AT&T to deploy Voice over Wi-Fi on iPhones

Don’t get too excited by Apple’s announcement of a Voice over IP service on the iPhone 3.0. It strains credulity that AT&T would open up the iPhone to work on third party VoIP networks, so presumably the iPhone’s VoIP service will be locked down to AT&T.

AT&T has a large network of Wi-Fi hotspots where iPhone users can get free Wi-Fi service. The iPhone VoIP announcement indicates that AT&T may be rolling out voice over Wi-Fi service for the iPhone. It will probably be SIP, rather than UMA, the technology that T-Mobile uses for this type of service. It is likely to be based on some flavor of IMS, especially since AT&T has recently been rumored to be spinning up its IMS efforts for its U-verse service, which happens to include VoIP. AT&T is talking about a June launch.

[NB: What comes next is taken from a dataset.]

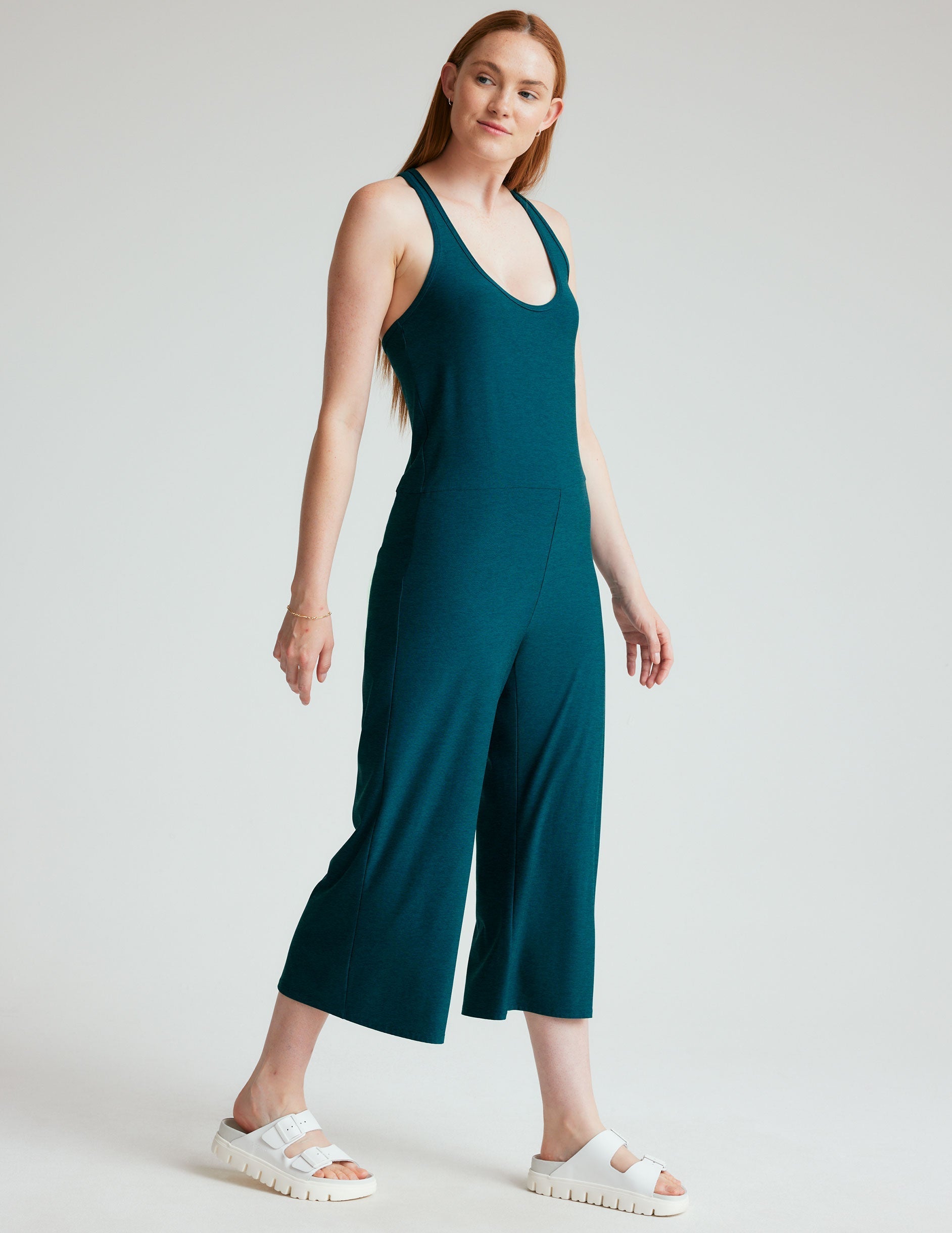 Ultra-Soft Featherweight Hang Loose Jumpsuit: Relaxed Fit, Cropped Style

An advantage of the SIP flavor of Voice over Wi-Fi is that unlike UMA it can theoretically negotiate any codec, allowing HD Voice conversations between subscribers when they are both on Wi-Fi; wouldn’t that be great? The reference to the “Voice over IP service” in the announcement is too cryptic to determine what’s involved. It may not even include seamless roaming of a call between the cellular and Wi-Fi networks (VCC).

AT&T has several Wi-Fi smartphones in addition to the iPhone. They are mostly based on Windows Mobile, so they can probably be enabled for this service with a software download. The same goes for Blackberries. Actually, RIM may be ahead of the game, since it already has FMC products in the field with T-Mobile, albeit on UMA rather than SIP, while Windows Mobile phones are generally ill-suited to VoIP.

Skype’s SILK codec available royalty free to third parties

I wrote earlier about the need for royalty-free wideband codecs, and about a conversation with Jonathan Christensen about SILK, Skype’s new super-wideband codec.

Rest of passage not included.